The first printed pattern book for embroidery was published by a textile printer, Johann Schönsperger in Augsburg, Germany, in about 1523, and it was followed by others in Germany, Italy, France and England, borrowing extensively from each other with or without acknowledgement. This German piece (right) is worked mostly with ecclesiastical motifs, probably intended for the decoration of church linen. The motifs are in the style of the earliest group of pattern-books, from 1524–40.
The increasing availability of these pattern books brought new sources of reference for embroiderers to apply to their work.

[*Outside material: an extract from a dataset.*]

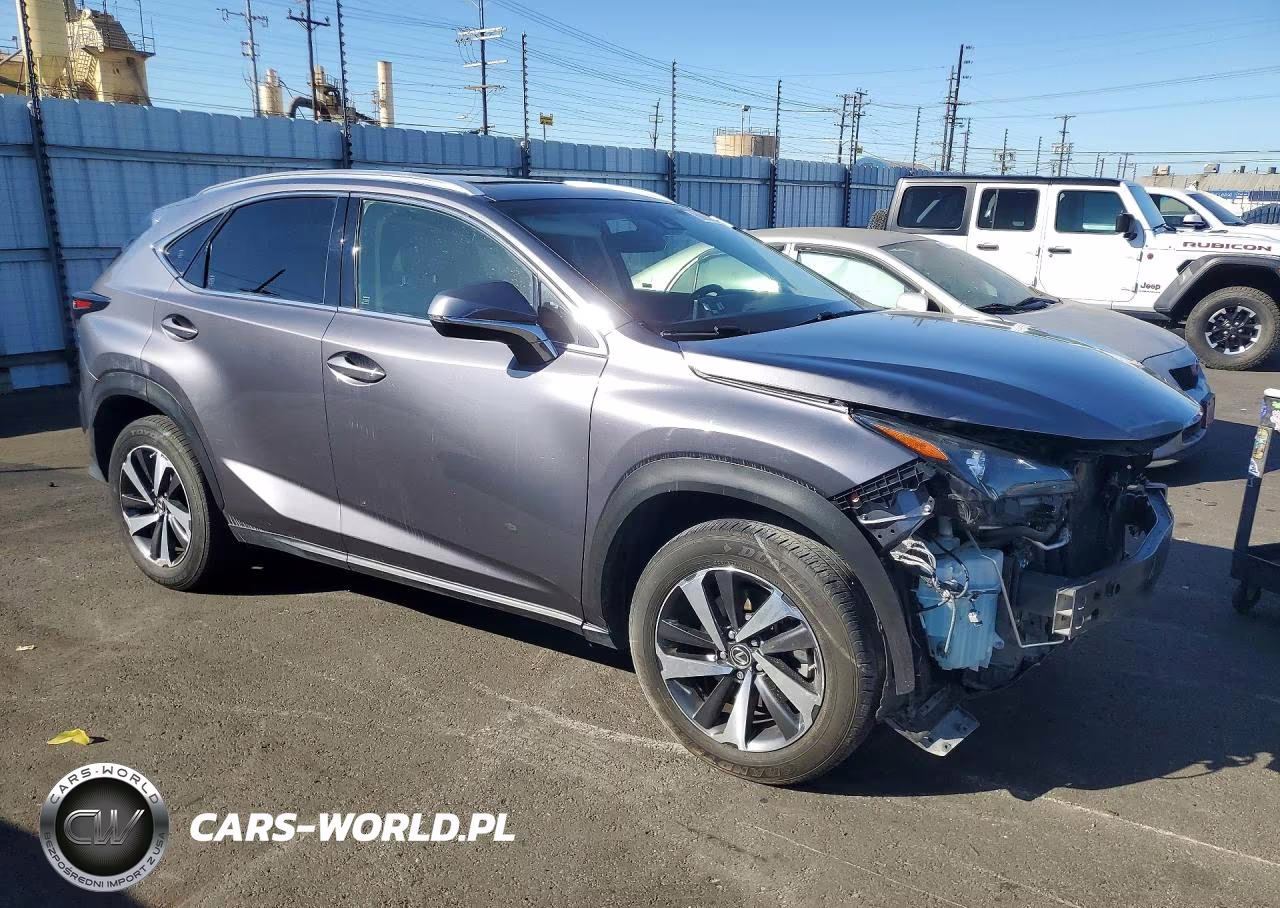 2019 Lexus Nx 300 Base VIN:JTJBARBZ0K2187265 - 4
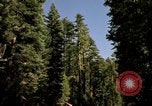 Immagine di Yosemite Valley Mariposa California USA, 1976, secondo 5 filmato di repertorio 65675031133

Throughout the 16th century the sampler retained its place as an effective memorandum, recording, as well as the patterns themselves, the effects achieved by different stitches, types of thread and combinations of colour. Although there are a number of references to samplers in 16th-century literature, surviving examples are exceptionally rare.
The central motif on the Italian sampler, with a design in reserve on a red embroidered ground, was first published in the Esemplario di lavori of Giovanni Andrea Vavassore in 1530 and it is surrounded with border patterns typical of those used in the 16th century for personal and household linen.
Jane Bostocke’s sampler of 1598 is the earliest known example to include an embroidered date. Its inscription commemorates the birth of a child, Alice Lee, two years earlier. The quality of the embroidery is very high, and Jane Bostocke may have been a member of the family’s household employed for her needlework skills.
The sampler is from a period of transition in the practical use of such items, between the 16th century and earlier, when they served as a reference piece for a more or less experienced embroiderer, and what gradually became their nature in the 17th century, a method of measuring and recording the maker’s attainment. It has elements of two different sorts of needlework exercise, which developed in the following decades: the randomly placed working of individual motifs (usually described as spot samplers) and the more orderly arrangement of rows of border patterns (band samplers). Both of these types are well represented in the Museum’s collection, with over one hundred English examples from the 17th century.